These social coupon sites promise high customer demand in return for a deep discount and a share of the deal. In August, Gap offered a nationwide deal of $50 worth of apparel for $25 through Groupon.  Some brands and businesses are offering social coupons directly, including ConAgra, Jack in the Box, and Walmart. However, the biggest participants have been small and mid-size businesses.

But tread carefully before you join the social coupon bandwagon. Running such deeply discounted deals can create a short term volume spike that backfires in the long run. There are plenty of cautionary tales from brands and businesses that didn’t do the math and regretted it.

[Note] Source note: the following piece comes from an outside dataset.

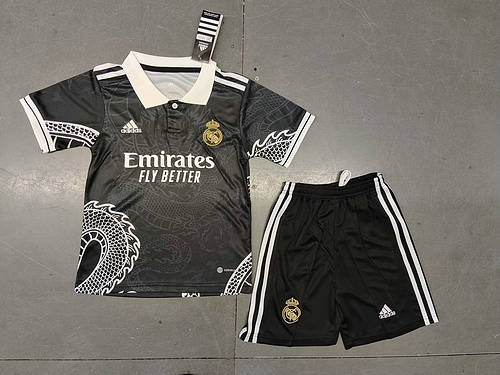 23/24 Real Madrid Special Kids Soccer Jerseys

I spoke to a start-up fashion brand owner recently who said that he’s received dozens of sales pitches over the last few months from Groupon and other social coupon sites. None of them made sense for his type of brand.  He sells a premium line of clothing with multiple sizes. He worried such a deep discount would not only devalue his brand but would create  a huge inventory challenge, causing him to either build up too much or not be able to supply the demand (how to anticipate whether more coupons would come from customers with 34″ waists or 38″ waists?).  But his biggest concern was that a social coupon campaign wouldn’t lead to customers who were profitable in the long run.

Entrepreneur Magazine recently profiled a Rice University study of 150 small to mid-size businesses that offered a social coupon deal with the following results: “while 66 percent of the 150 respondents said that their Groupon deal was profitable, a significant 32 percent found it unprofitable. And 40 percent of the respondents said they would not use Groupon again”.

Marketers should consider any form of deep discounting program carefully. Think about the type of customer you’re attracting because a huge spike in one-time deal hunters who will never pay full-price may not be valuable in the long run.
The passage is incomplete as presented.